Sanitizer built-ins document #244

otherdaniel · 2024-11-29T14:49:45Z

This is meant as a starting point for our built-ins. It's a "mostly free-form" document, in that it's just text with one line per element, plus markdown-style headings. The idea is to classify elements and attributes into groups.

I started out putting everything into "other", and then moving them into better defined groups. The idea is to work down the "other" list until it's empty.

I copied all the elements from the "proposed allow lists" doc into the "harmless" category. Will do the same for attributes.

Source(s):

Elements & attributes lists from Chrome. (Which may include legacy elements no longer supported.)
"Proposed allow lists -- Sanitizer API - 2024-03" document prepared by Frederik.

Preview | Diff

mozfreddyb · 2024-12-13T08:28:55Z

FYI, this PR is still called "Not ready yet". Let me know when you are seeking review.

otherdaniel · 2024-12-13T15:03:10Z

FYI, this PR is still called "Not ready yet". Let me know when you are seeking review.

About now would be good, so I renamed it. :)

I added more "sections" with spec links, also for attributes. I think that should cover all of HTML; while SVG + MathML coverage is still a bit of a mess. There are a lot more leftover ("other") attributes than there were with elements.

Changes so far are:

I copied the per-element attributes from the HTML spec, for any element that I expect to be default-allowed. (It's a manual process, so I was trying to save myself some time.)
I also copied global HTML attributes + aria attributes from the spec(s), including spec links.
I removed all attributes that are used locally somewhere from the global list. I'm not sure this is quite correct.
All of this was manual, so I wouldn't be surprised if there are some omissions somewhere. I'm unsure how to do QA here.

annevk

Thanks for making this list. Very useful to have something based on the HTML standard. Here's an initial very conservative safelist for "default":

html
head
title
All of Sections (body, article, ...)
All of Grouping Content (p, hr, ...)
Most of Text-level Semantics:
- a attributes target, referrerpolicy, download, and ping I would omit
All of Edits (ins, del)
All of Tabular Data
SVG & MathML: TBD
Global attributes:
- dir
- lang
- title

mozfreddyb · 2024-12-18T09:43:06Z

👍 to what @annevk says, that we should build upon the HTML spec rather than casting the widest net.

As written in #245, I could see us being a bit more iterative by using his relatively small list for now and discussing additions individually as they come up (which they are bound to anyway).
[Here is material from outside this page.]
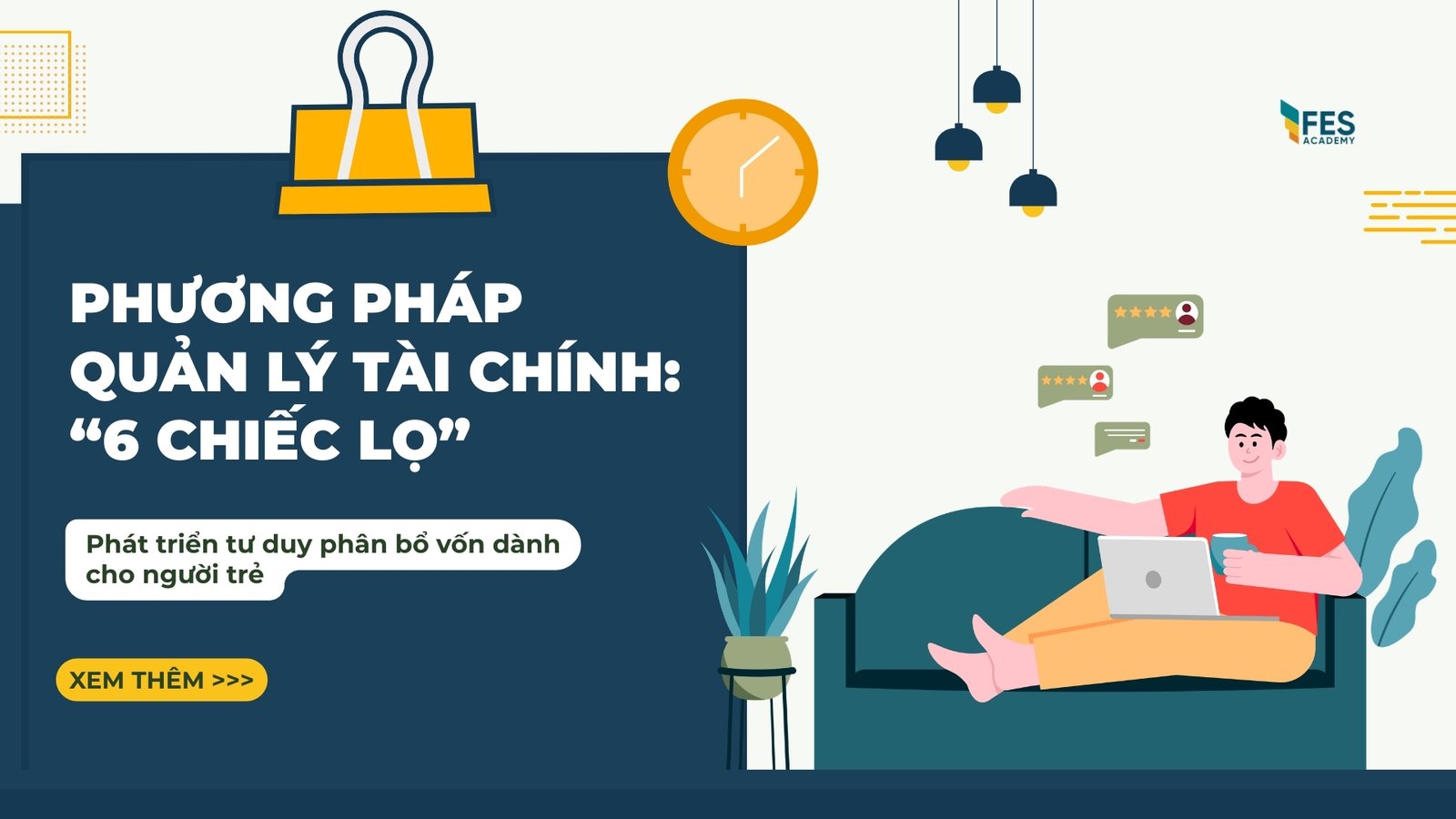Phương pháp quản lý tài chính “6 chiếc lọ”: Phát triển tư duy phân bổ vốn dành cho người trẻ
otherdaniel · 2024-12-18T16:27:21Z

Updated list according to Anne's suggestion.
Changed the list format a little, and added a python script that turns it into JSON.
Included this and baseline config from the spec.
Moved the builtin files (json, text, script) to a builtins/ directory.
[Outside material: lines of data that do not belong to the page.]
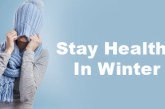 Top 10 tips to stay healthy and avoid getting sick this winter
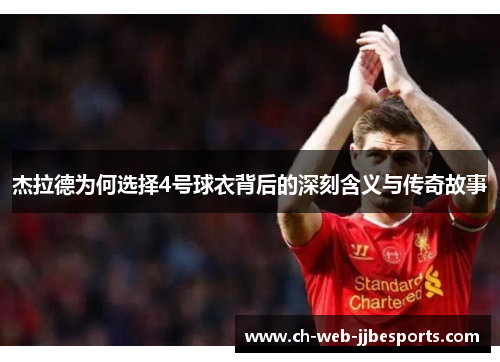 杰拉德为何选择4号球衣背后的深刻含义与传奇故事 杰拉德为何选择4号球衣背后的深刻含义与传奇故事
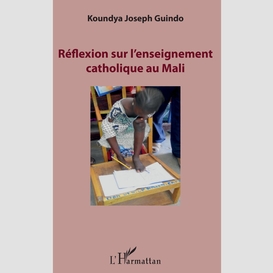 Réflexion sur l'enseignement catholique au mali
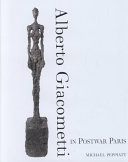 Alberto Giacometti in postwar Paris /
mozfreddyb · 2024-12-19T12:13:58Z

builtins/safe-baseline-configuration.json

+    "ondragenter",
+    "ondragleave",
+    "ondragover",
+    "ondragstart",
+    "ondrop",
+    "ondurationchange",
+    "onemptied",
+    "onend",
+    "onended",
+    "onerror",
+    "onfocus",
+    "onfocusin",
+    "onfocusout",
+    "onformdata",
+    "ongotpointercapture",
+    "onhashchange",
+    "oninput",
+    "oninvalid",
+    "onkeydown",
+    "onkeypress",
+    "onkeyup",
+    "onlanguagechange",
+    "onload",
+    "onloadeddata",
+    "onloadedmetadata",
+    "onloadstart",
+    "onlostpointercapture",
+    "onmessage",
+    "onmessageerror",
+    "onmousedown",
+    "onmouseenter",
+    "onmouseleave",
+    "onmousemove",
+    "onmouseout",
+    "onmouseover",
+    "onmouseup",
+    "onmousewheel",
+    "onmove",
+    "onoffline",
+    "ononline",
+    "onorientationchange",
+    "onoverscroll",
+    "onpagehide",
+    "onpageshow",
+    "onpaste",
+    "onpause",
+    "onplay",
+    "onplaying",
+    "onpointercancel",
+    "onpointerdown",
+    "onpointerenter",
+    "onpointerleave",
+    "onpointermove",
+    "onpointerout",
+    "onpointerover",
+    "onpointerrawupdate",
+    "onpointerup",
+    "onpopstate",
+    "onprogress",
+    "onratechange",
+    "onrepeat",
+    "onreset",
+    "onresize",
+    "onresolve",
+    "onscroll",
+    "onscrollend",
+    "onscrollsnapchange",
+    "onscrollsnapchanging",
+    "onsearch",
+    "onsecuritypolicyviolation",
+    "onseeked",
+    "onseeking",
+    "onselect",
+    "onselectionchange",
+    "onselectstart",
+    "onshow",
+    "onslotchange",
+    "onstalled",
+    "onstorage",
+    "onsubmit",
+    "onsuspend",
+    "ontimeupdate",
+    "ontimezonechange",
+    "ontoggle",
+    "ontouchcancel",
+    "ontouchend",
+    "ontouchmove",
+    "ontouchstart",
+    "ontransitionend",
+    "onunload",
+    "onvalidationstatuschange",
+    "onvolumechange",
+    "onwaiting",
+    "onwebkitanimationend",
+    "onwebkitanimationiteration",
+    "onwebkitanimationstart",
+    "onwebkitfullscreenchange",
+    "onwebkitfullscreenerror",
+    "onwebkittransitionend",
+    "onwheel"


What should we do here? In spec purity terms, I believe we should stick to those in the HTML standard and make a big note that many engines support non-standardized and add them as a hint or such?
But In reality, I can see this going wrong.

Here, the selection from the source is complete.